Dataset records
- - - - - - -

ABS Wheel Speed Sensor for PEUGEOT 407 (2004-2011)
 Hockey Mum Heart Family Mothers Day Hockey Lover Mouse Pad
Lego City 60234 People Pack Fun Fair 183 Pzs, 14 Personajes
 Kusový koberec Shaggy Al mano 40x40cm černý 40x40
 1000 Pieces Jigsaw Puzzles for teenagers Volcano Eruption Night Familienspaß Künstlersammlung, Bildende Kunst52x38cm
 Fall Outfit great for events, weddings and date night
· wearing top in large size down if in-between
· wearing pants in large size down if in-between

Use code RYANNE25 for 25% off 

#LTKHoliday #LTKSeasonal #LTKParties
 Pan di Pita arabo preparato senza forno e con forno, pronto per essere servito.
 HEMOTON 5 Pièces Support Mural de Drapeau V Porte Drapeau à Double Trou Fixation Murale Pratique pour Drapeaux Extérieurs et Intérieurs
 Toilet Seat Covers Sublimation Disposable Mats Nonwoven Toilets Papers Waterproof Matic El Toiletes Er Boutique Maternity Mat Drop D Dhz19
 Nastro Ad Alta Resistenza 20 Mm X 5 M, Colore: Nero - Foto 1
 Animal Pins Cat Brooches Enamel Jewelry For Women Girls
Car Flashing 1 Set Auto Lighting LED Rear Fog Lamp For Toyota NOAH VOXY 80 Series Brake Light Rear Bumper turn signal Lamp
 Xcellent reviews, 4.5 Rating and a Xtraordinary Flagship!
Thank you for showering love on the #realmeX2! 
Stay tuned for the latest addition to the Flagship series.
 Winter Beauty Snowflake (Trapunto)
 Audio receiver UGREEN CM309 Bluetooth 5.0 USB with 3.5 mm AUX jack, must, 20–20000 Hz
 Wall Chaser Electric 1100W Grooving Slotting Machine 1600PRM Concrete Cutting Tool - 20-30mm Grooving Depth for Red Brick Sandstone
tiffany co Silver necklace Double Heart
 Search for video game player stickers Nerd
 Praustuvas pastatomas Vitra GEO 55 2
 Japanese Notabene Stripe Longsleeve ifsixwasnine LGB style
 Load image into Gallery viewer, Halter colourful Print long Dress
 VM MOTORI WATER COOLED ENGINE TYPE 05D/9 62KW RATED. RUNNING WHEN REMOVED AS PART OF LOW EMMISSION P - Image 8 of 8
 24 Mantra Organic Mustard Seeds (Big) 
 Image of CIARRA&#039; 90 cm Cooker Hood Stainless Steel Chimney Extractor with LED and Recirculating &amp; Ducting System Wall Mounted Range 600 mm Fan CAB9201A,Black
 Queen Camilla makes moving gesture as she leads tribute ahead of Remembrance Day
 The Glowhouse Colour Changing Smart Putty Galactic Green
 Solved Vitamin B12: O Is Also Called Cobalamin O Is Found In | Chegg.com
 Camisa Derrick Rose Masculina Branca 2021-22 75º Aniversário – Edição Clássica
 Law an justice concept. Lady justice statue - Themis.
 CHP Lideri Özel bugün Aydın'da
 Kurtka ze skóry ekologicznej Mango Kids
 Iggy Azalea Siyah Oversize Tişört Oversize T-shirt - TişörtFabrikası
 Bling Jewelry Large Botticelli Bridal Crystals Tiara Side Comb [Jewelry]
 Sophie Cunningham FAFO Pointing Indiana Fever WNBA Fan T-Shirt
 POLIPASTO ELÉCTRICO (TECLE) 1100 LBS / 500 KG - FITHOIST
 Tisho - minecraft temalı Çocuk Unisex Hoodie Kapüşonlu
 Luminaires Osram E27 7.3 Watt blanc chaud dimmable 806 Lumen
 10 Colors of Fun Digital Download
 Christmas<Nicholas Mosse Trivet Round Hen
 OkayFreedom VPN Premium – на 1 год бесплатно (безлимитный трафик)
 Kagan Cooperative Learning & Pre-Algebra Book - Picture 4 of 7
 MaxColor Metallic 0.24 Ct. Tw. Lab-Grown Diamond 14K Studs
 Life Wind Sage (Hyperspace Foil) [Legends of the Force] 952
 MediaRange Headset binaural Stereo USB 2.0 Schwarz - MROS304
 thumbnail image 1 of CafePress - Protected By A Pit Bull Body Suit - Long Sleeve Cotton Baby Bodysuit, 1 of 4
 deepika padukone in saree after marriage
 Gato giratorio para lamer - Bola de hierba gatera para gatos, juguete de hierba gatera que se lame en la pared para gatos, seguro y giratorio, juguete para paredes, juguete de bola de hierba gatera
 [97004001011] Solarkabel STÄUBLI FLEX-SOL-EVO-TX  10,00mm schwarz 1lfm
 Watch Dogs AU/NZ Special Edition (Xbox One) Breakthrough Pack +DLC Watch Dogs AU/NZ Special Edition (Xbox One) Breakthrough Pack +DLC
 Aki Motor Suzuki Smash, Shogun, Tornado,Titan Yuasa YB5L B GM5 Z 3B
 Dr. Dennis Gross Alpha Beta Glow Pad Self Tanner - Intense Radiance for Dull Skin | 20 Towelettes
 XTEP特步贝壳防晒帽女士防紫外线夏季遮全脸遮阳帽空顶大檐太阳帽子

- - - - - - -

§ **WORK INSTRUCTION**: Start at the first line of the entries and stop at the line that contains "Pan di Pita". Repeat every line in that span exactly, and nothing beyond it.

§ **RESPONSE**:
ABS Wheel Speed Sensor for PEUGEOT 407 (2004-2011)
 Hockey Mum Heart Family Mothers Day Hockey Lover Mouse Pad
Lego City 60234 People Pack Fun Fair 183 Pzs, 14 Personajes
 Kusový koberec Shaggy Al mano 40x40cm černý 40x40
 1000 Pieces Jigsaw Puzzles for teenagers Volcano Eruption Night Familienspaß Künstlersammlung, Bildende Kunst52x38cm
 Fall Outfit great for events, weddings and date night
· wearing top in large size down if in-between
· wearing pants in large size down if in-between

Use code RYANNE25 for 25% off 

#LTKHoliday #LTKSeasonal #LTKParties
 Pan di Pita arabo preparato senza forno e con forno, pronto per essere servito.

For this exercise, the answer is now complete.